The Monday Roundup: Extreme anti-theft measures, mapping ciclovias and more

venge

Yikes!
(From VengeCycle.com)

Here are the bike links from around the world that caught our eyes this week:

Modest anti-theft proposal: VengeCycle.com promises to “make thieves think twice about taking your bicycle” by strapping a GPS-activated explosive to the handlebars. (“Damage is generally limited to the hands and is not considered lethal. … You will have to purchase a new handlebar. … Make sure to check that unlicensed use of explosives is legal in your state beforehand.”)

Open streets: Here’s a map of every ciclovia festival in the Americas, Sunday Parkways included.

Subsidizing congestion: The federal tax benefit for workplace parking costs income taxpayers $7.3 billion a year and adds 820,000 cars to the road.

Suburbanizing biking: Copenhagen’s latest initiative is the “cycling superhighway,” dedicated paths designed for hour-long commutes from the suburbs. It’s planned a 290-mile system.

Biking payoff: The U.K.’s Department of Transport calculates the average public dollar invested on biking returns $5.50 in social benefits.

Nondriving dividend: Why is New York City so rich?
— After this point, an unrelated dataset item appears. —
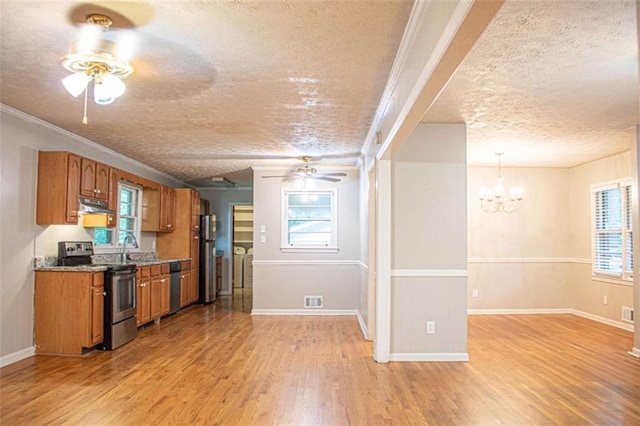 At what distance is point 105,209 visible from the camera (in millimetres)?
5660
The $19 billion it saves annually through low car ownership can’t hurt.

Road-rage verdict: A woman who deliberately sideswiped a Seattle man while he rode his bike on a neighborhood greenway, then fled, was found guilty Friday of second-degree assault.

E-bike stereotypes: Bikes have escaped their image as toys for the young; today, e-bikes are escaping an image as toys for the old.

Bike-through brawl: When a man on a bike refused to leave a Florida Taco Bell’s late-night drive-through window until he was served, employees called 911. He got in a fight with police and was arrested.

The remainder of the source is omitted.